If you are on an unprotected network, however, you may still want your data encrypted in transit. You can perform about the same task over ssh:

Run this on the destination machine:
cd /path/to/extract/to/
ssh user@source.server 'tar -cz -C /source/path/ *' | tar -zxv

This command will issue the tar command across the network on the source machine, causing tar's stdout to be sent back over the network. This is then piped to stdin on the destination machine and the files magically appear in the directory you are currently in.

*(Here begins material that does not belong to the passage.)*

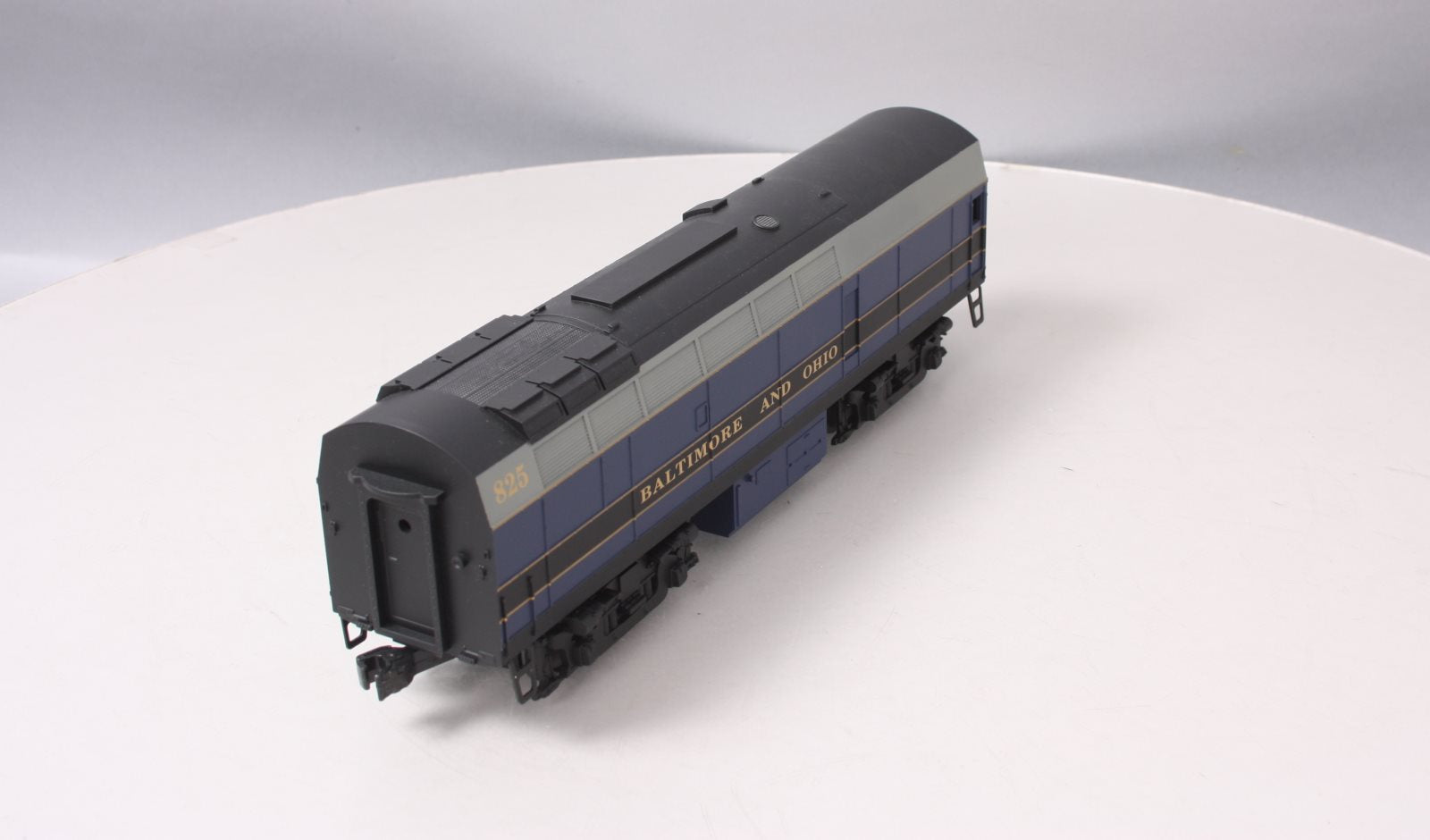 Williams 22001 Bailtimore & Ohio Sharknose Diesel Locomotive B-Unit Dummy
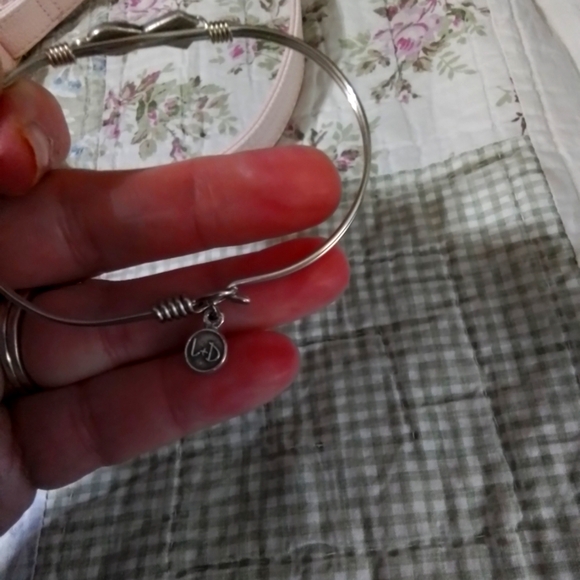 SET OF THREE LUCA & DANNI BREAST CANCER AWARENESS BRACELETS - Picture 8 of 9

The ssh route is a little slower than using netcat, due to the encryption overhead, but it's still way faster than scping the files individually. It also has the added advantage of potentially being compatible with Windows servers, provided you have a few of the unix tools like ssh and tar installed on your Windows server (using the cygwin linked binaries that are available).

Fast File Copy - Linux!

Posted by Jason Striegel | Nov 14, 2008 08:40 PM
Linux, Linux Server | Permalink | Comments (1) Bookmark and Share

Recent Entries

Comments

Newest comments listed first.

Posted by: Matt Simmons on November 16, 2008 at 7:29 AM

You might want to remove the compression flag

On my GB network, I went from 20MB/s to 400MB/s just by removing the compression flag from my rsync. You might want to try it here, too with the tar option.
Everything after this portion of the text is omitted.